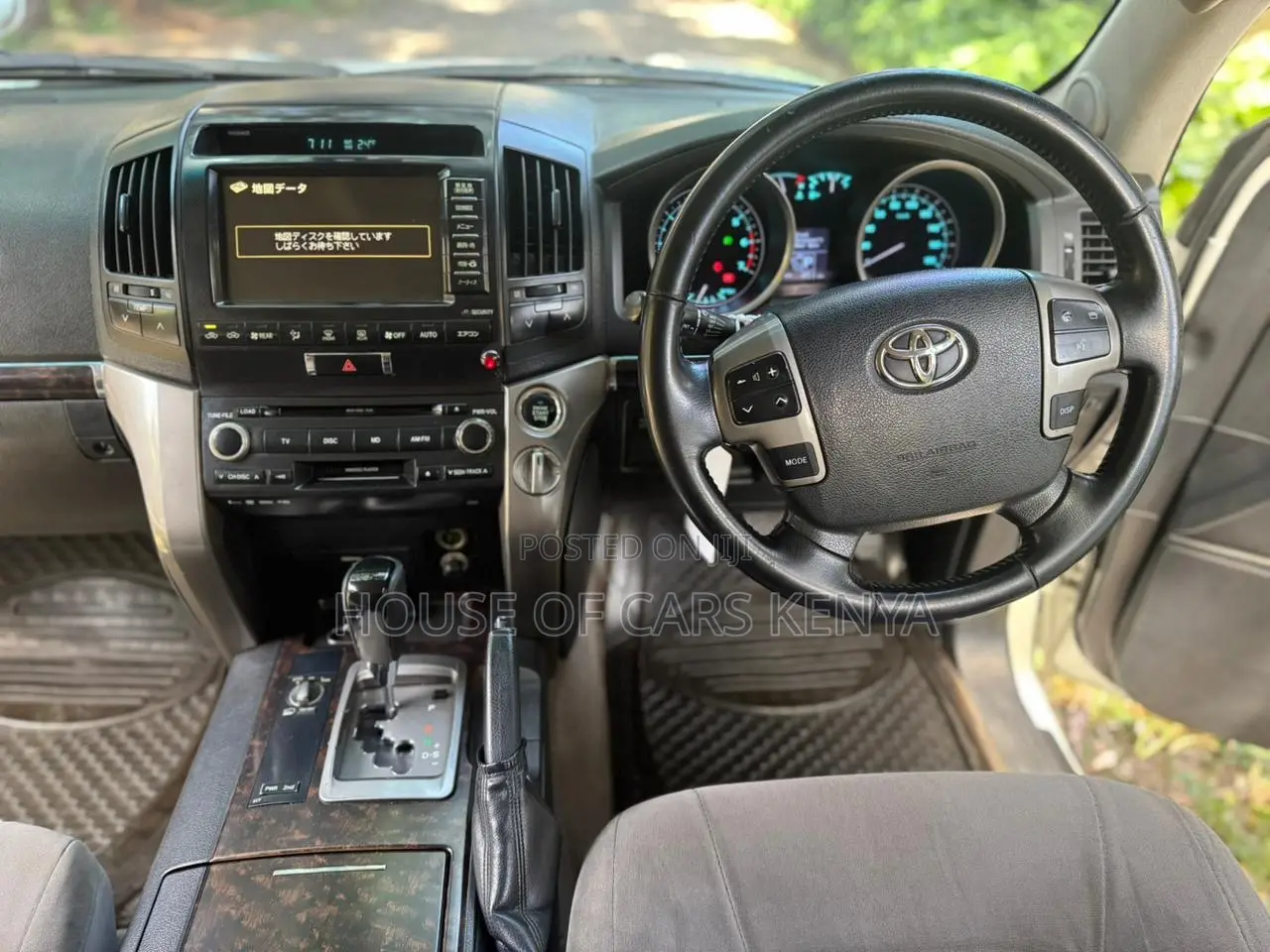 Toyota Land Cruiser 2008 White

* * *

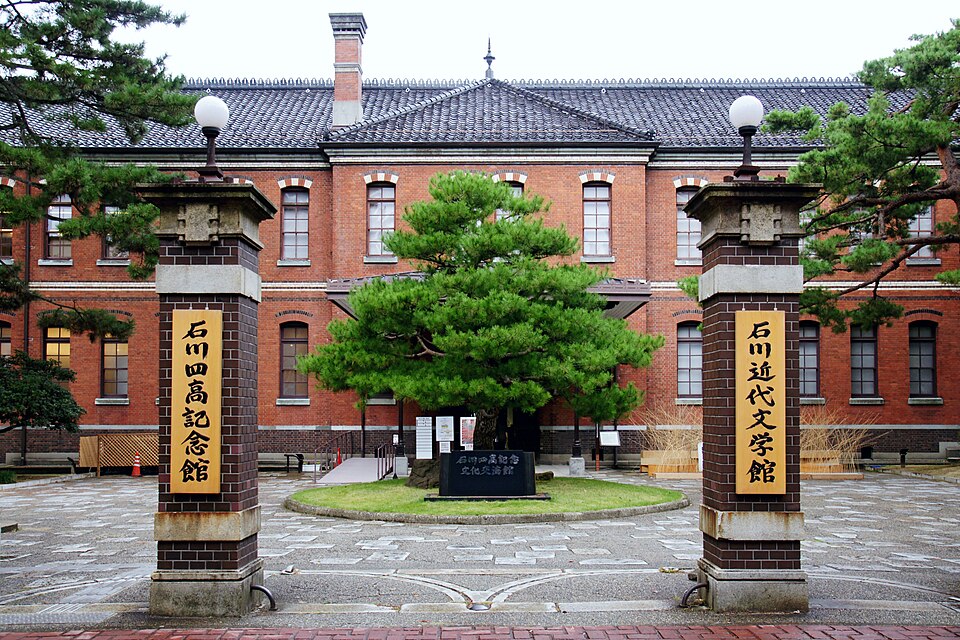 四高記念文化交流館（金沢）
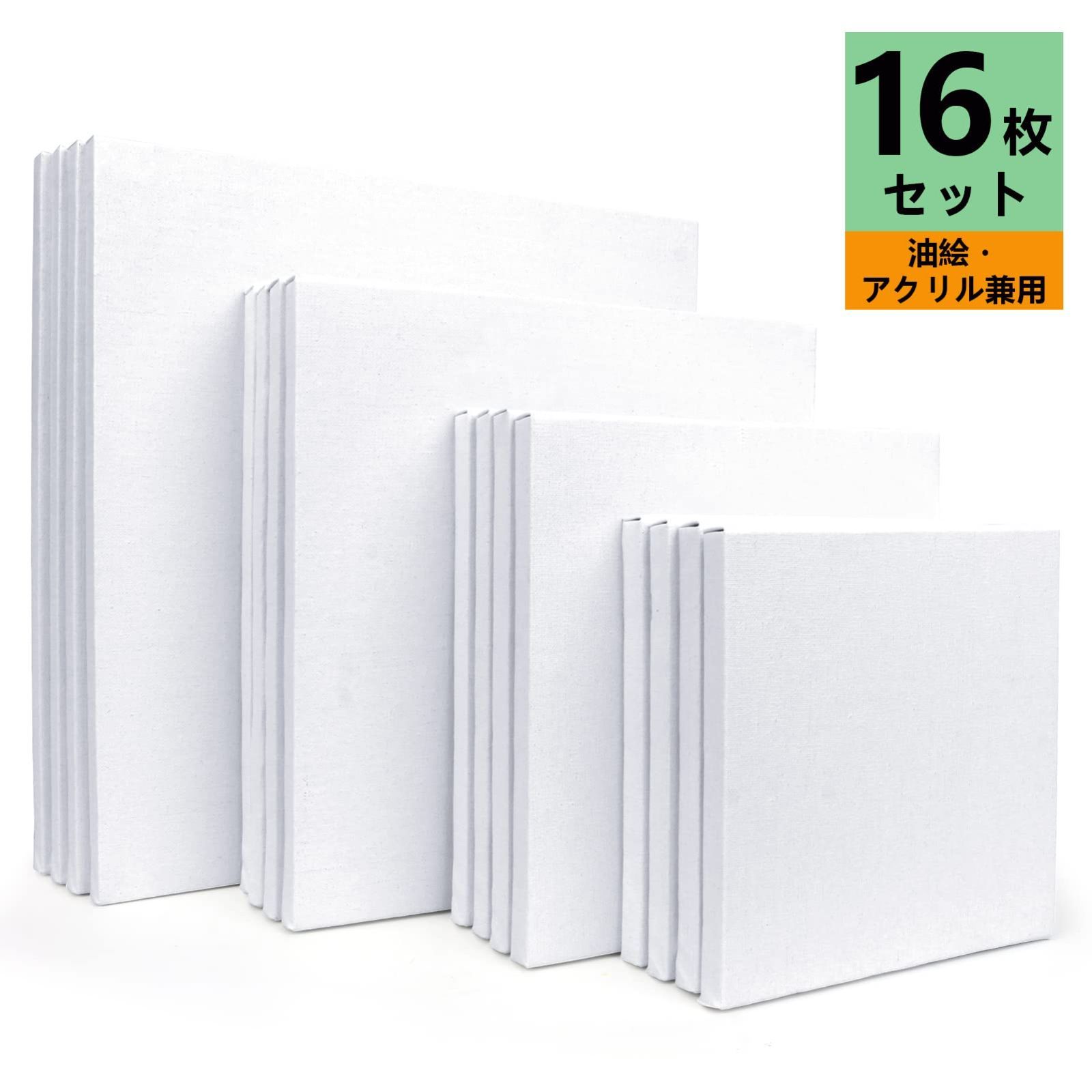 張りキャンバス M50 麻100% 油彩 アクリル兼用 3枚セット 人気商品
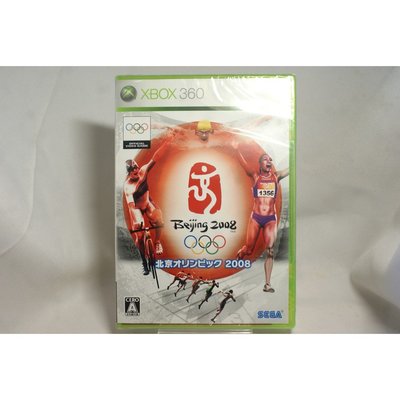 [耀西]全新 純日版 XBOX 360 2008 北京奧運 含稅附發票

==

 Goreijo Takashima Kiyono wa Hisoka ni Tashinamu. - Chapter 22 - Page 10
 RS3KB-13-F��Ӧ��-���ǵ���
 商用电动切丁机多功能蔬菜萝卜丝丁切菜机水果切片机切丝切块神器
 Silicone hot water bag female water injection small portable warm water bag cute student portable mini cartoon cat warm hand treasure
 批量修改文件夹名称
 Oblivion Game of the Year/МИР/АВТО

▸ Problem description: Copy out the listing above from the line containing "四高記念文化交流館（金沢）" to the line containing "[耀西]全新 純日版 XBOX 360 2008 北京奧運 含稅附發票", both included, exactly as written and minus the images.

▸ Reply to the task:
 四高記念文化交流館（金沢）
 張りキャンバス M50 麻100% 油彩 アクリル兼用 3枚セット 人気商品
 [耀西]全新 純日版 XBOX 360 2008 北京奧運 含稅附發票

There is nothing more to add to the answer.